Using Spring Boot version 2.2 or greater

Starting with version 2.2, Spring Boot has been heavily optimized for startup speed. If you are using Spring Boot versions less than 2.2, consider upgrading, or apply individual optimizations manually.

Using lazy initialization

There is a global lazy initialization flag that can be turned on in Spring Boot 2.2 and greater. This will improve the startup speed, but with the trade off that the first request may have longer latency because it will need to wait for components to initialize for the first time.

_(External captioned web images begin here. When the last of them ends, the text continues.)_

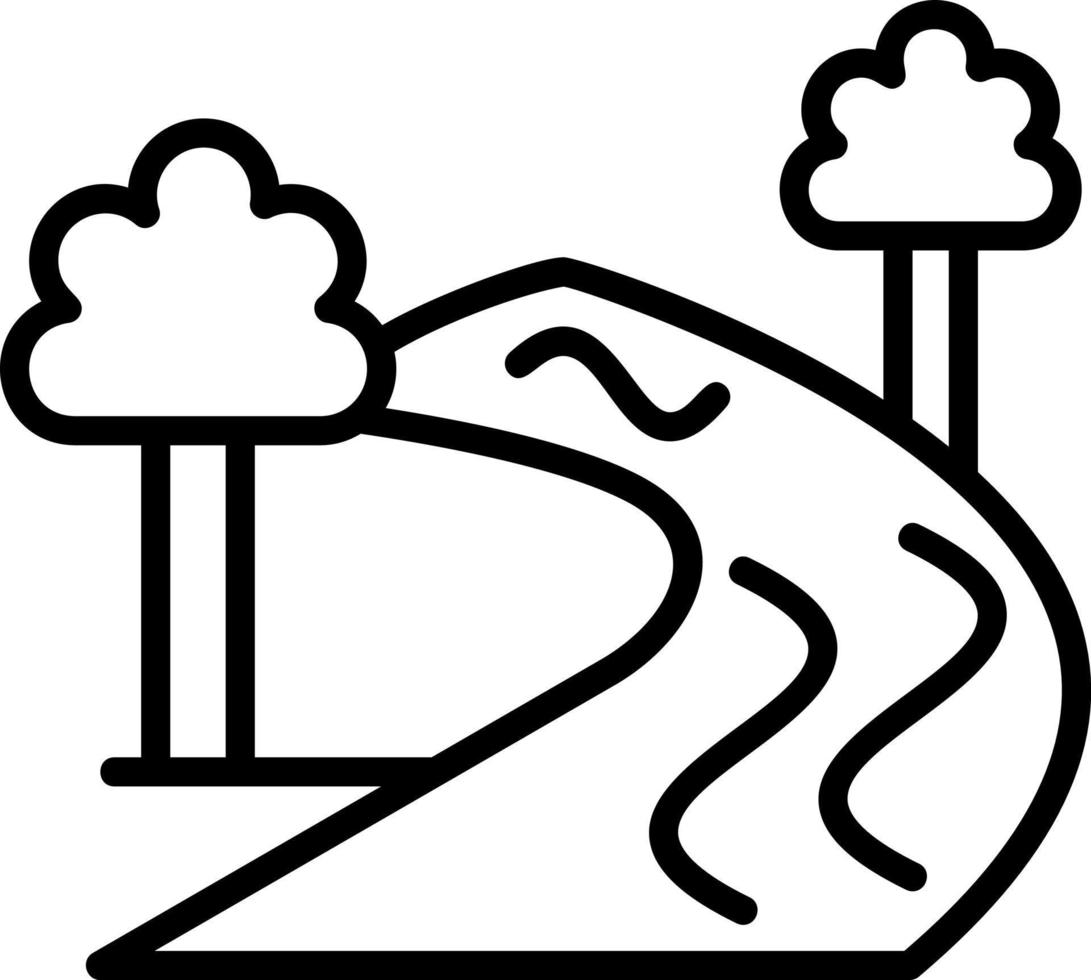diseño de icono de vector de signo de río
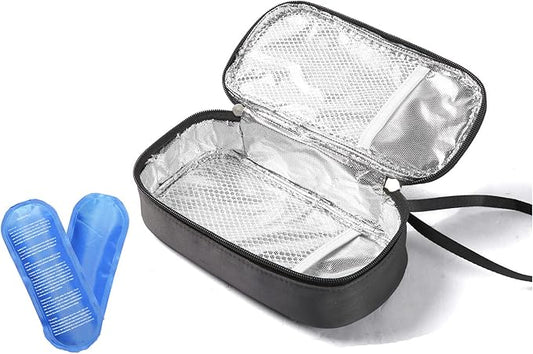 Insulated Breastmilk Cooler Bag with 2 Ice Packs - Breastmilk Cooler Organizer Bag for Daycare, Breastfeeding Mom Travel Outdoor-CubbioJoy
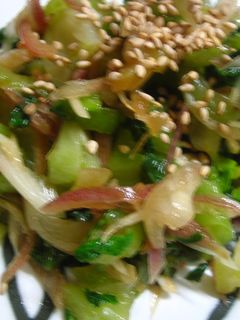 ♪青梗菜と茗荷の和え物♪-レシピのメイン写真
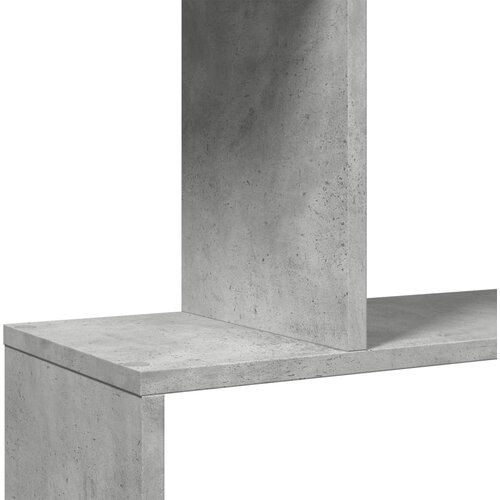 Pregrada regal za knjige 5 razina sivi 70x24x161 cm drveni Slike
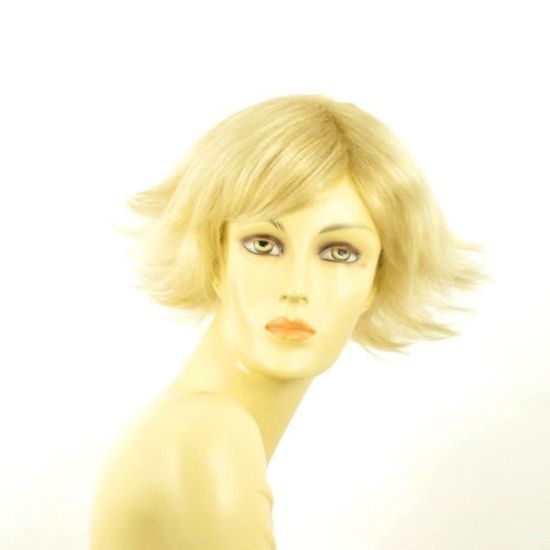 Perruque Courte Femme Florence - Blond Doré Méché, Synthétique, Avec étiquettes
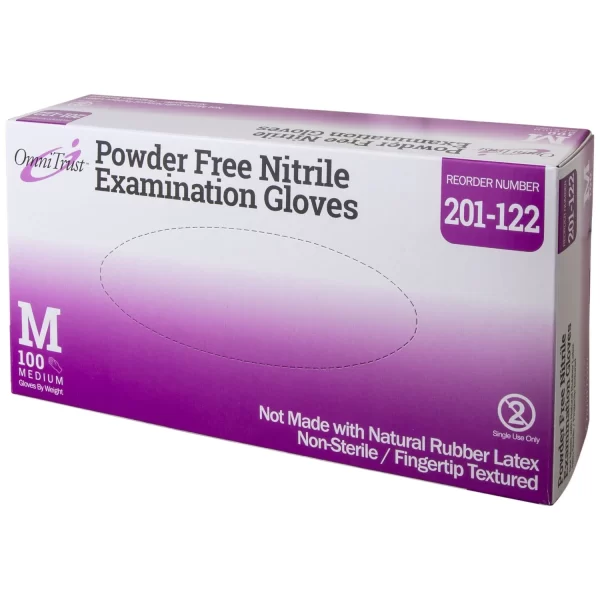 OMNI INTERNATIONAL OMNITRUST NITRILE POWDER FREE EXAMINATION GLOVE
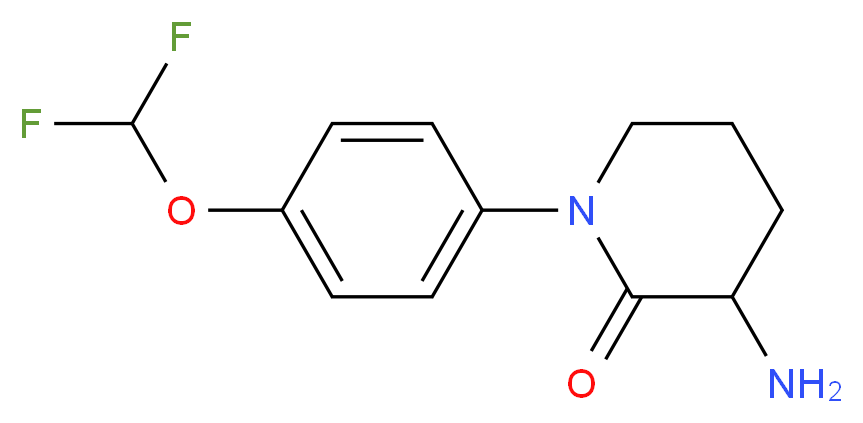 3-amino-1-[4-(difluoromethoxy)phenyl]piperidin-2-one_Molecular_structure_CAS_)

You can turn on lazy initialization in application.properties:

spring.main.lazy-initialization=true

Or, by using an environmental variable:

SPRING_MAIN_LAZY_INITIALIZATIION=true

However, if you are using min-instances, then lazy initialization is not going to help, since initialization should have occurred when the min-instance started.

Avoiding class scanning

Class scanning will cause additional disk reads in Knative serving because in Knative serving, disk access is generally slower than a regular machine. Make sure that Component Scan is limited or completely avoided. Consider using Spring Context Indexer, to pre-generate an index. Whether this will improve your startup speed will vary based on your application.

For example, in your Maven pom.xml add the indexer dependency (it's actually an annotation processor):

<dependency>
  <groupId>org.springframework</groupId>
  <artifactId>spring-context-indexer</artifactId>
  <optional>true</optional>
</dependency>

Using Spring Boot developer tools not in production

If you use Spring Boot Developer Tool during development, make sure it is not packaged in the production container image. This may happen if you built the Spring Boot application without the Spring Boot build plugins (for example, using the Shade plugin, or using Jib to containerize).

In these cases, make sure the build tool excludes Spring Boot Dev tool explicitly. Or, turn off the Spring Boot Developer Tool explicitly.